Ah il est beau le jeu, ça oui ! Il est fluide, il est tout ce que vous voulez. Et après ? Des beaux graphismes n'ont jamais rendu bien un jeu. Ils peuvent participer à la qualité d'une oeuvre déjà réussie, mais un jeu mauvais ne deviendra pas agréable parce que c'est joli ou que les couilles du cheval rétrécissent quand il fait froid. Parce que derrière tous ses artifices techniques, cette création se rate sur toute la ligne.


Mais à défaut d'être réussi, Red Dead Redemption II nous informe sur les limites des grandes productions en cristalisant les défauts inhérents à leur nature. Je ne parlerai pas des conditions de développement qui, aussi infâme soient-t-elles, restent un sujet à part. J'aimerais plutôt parler de la partie gameplay, de tous ces moments où on nous demande de jouer à la manette, qui semblent être traîné par le jeu comme un boulet.
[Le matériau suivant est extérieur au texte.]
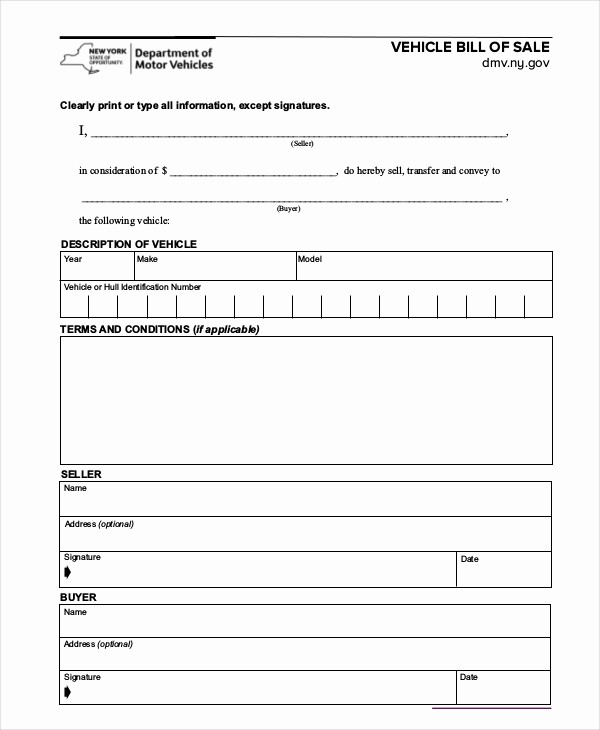 Simple Bill Of Sale Auto Inspirational Motor Vehicle Bill Of Sale 7 Free Word Pdf Documents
Celui-ci se veut immersif. Arthur ouvre lentement chaque tiroir et prend un à un les objets dans sa main pour les ramasser. Lorsqu'il dépèce un animal, on le voit lentement découper sa chair et là retourner. Arthur et lourd aussi. On incarne pas un jeune athlète mais un homme qui accuse le poids des années et ça se sent. Et c'est une bonne chose ! Je trouve intéressant de voir à une époque où toute production AAA minimise les risques en en prenant le moins possible et en essayant de plaire à tout le monde, un studio qui se démarque en faisant un choix qui pourra faire reculer certains.


Sauf que faire une expérience immersive de par sa lenteur, ça demande la volonté de tenir se parti-pris jusqu'au bout. Si réaliste le jeu se veut, alors il doit l'être sur toute la longueur afin de garantir une pureté totale dans l'expérience. Est-ce que c'est ce que fait Red Dead ? Absolument pas ! Ou alors j'ai raté la partie dans mes cours d'histoire où les cowboys naviguaient à l'aide de GPS et snipaient leurs ennemis grâce à l'aide à la visée du Predator.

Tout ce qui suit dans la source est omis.